Work to complete: Copy nothing but the lines running from the one containing "30cm x 33cm (2)" through the end of the listing below. Drop the pictures.

Extracted records:

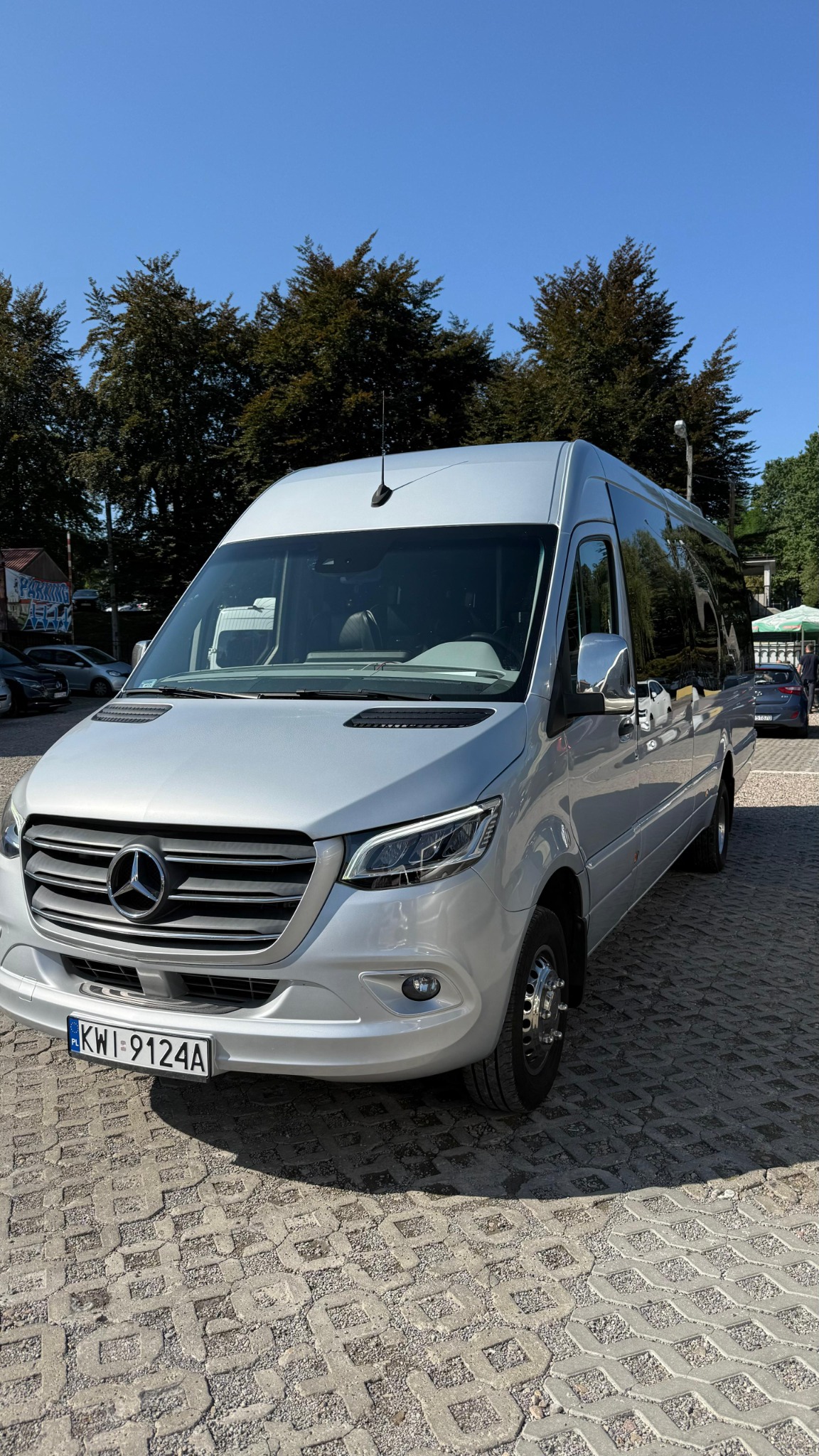 Srebrny bus Mercedes-Benz Sprinter z polską tablicą rejestracyjną na parkingu, widok z przodu, błękitne niebo i drzewa w tle, słoneczny dzień.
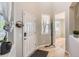 Bright entryway with wood-look floors, white door, adjacent to the open layout of the home at 16534 E Fire Fly Ave, Parker, CO 80134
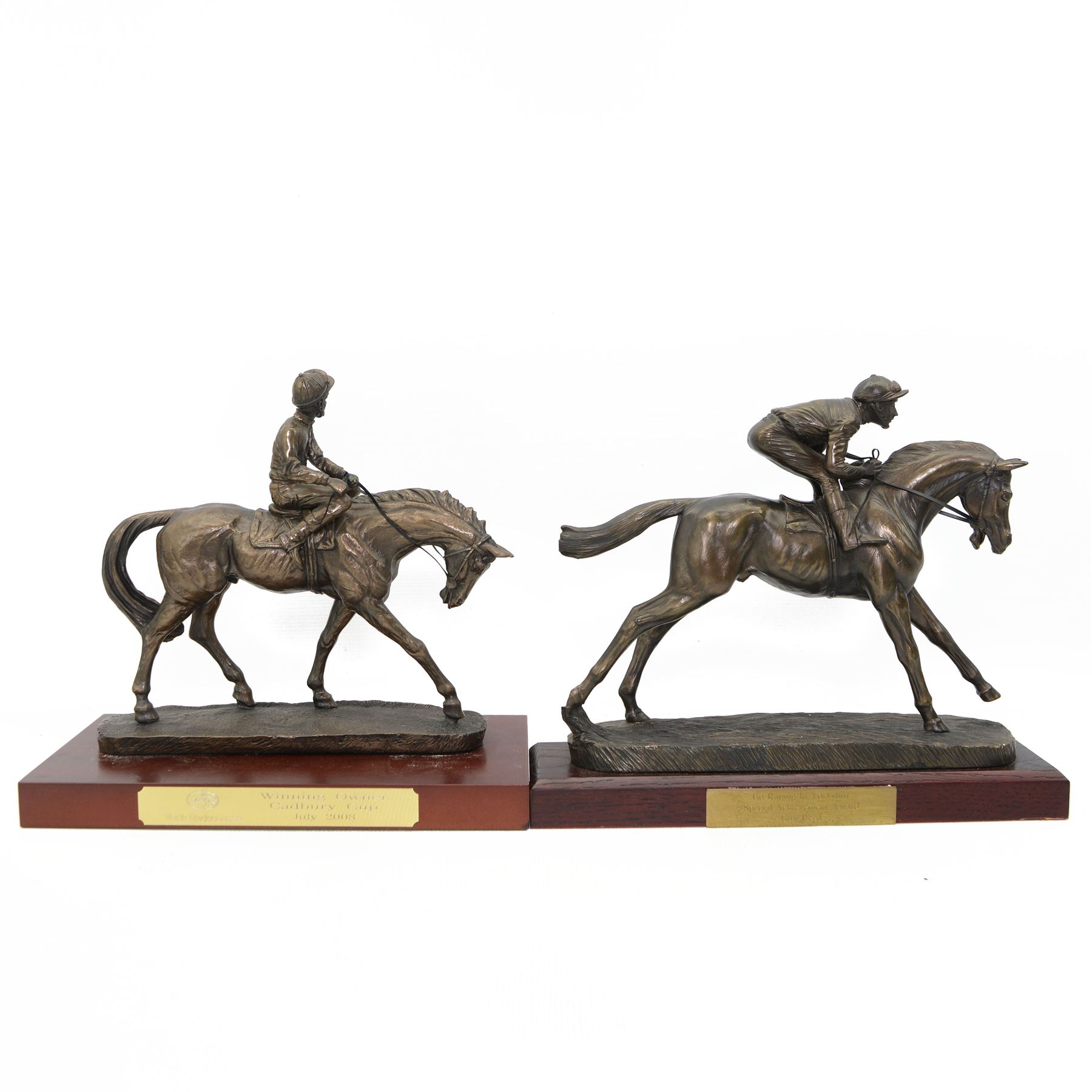 'Go Racing in Yorkshire Special Achievement Award, Guy Reed' - Bronze resin figure of a racehorse with jockey up on wooden plinth 30cm x 35cm and another 'Winning Owner Cadbury Cup July 2008 York Racecourse' on wooden base 30cm x 33cm (2)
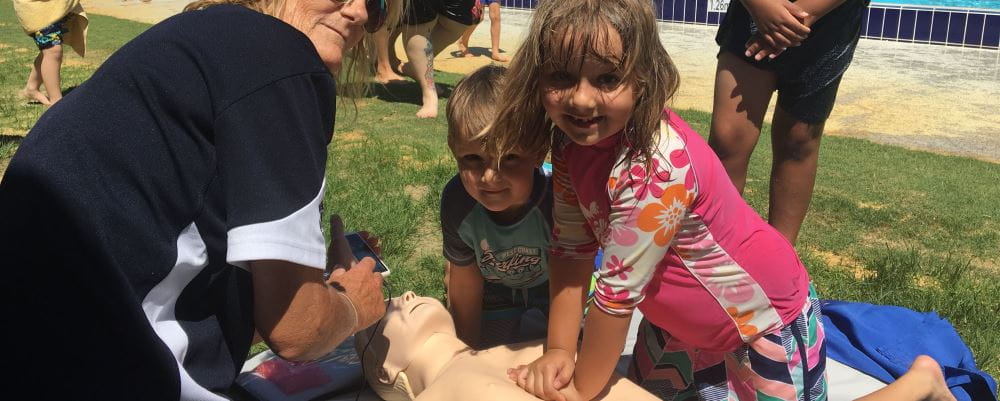 Little girl performing CPR on a manikin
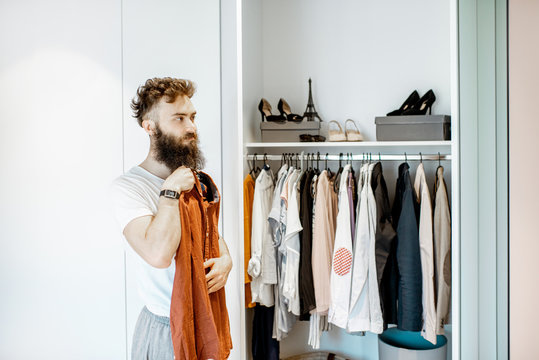 Bearded man trying shirt, choosing clothes to wear in the wardrobe at home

Task response:
 'Go Racing in Yorkshire Special Achievement Award, Guy Reed' - Bronze resin figure of a racehorse with jockey up on wooden plinth 30cm x 35cm and another 'Winning Owner Cadbury Cup July 2008 York Racecourse' on wooden base 30cm x 33cm (2)
 Little girl performing CPR on a manikin
 Bearded man trying shirt, choosing clothes to wear in the wardrobe at home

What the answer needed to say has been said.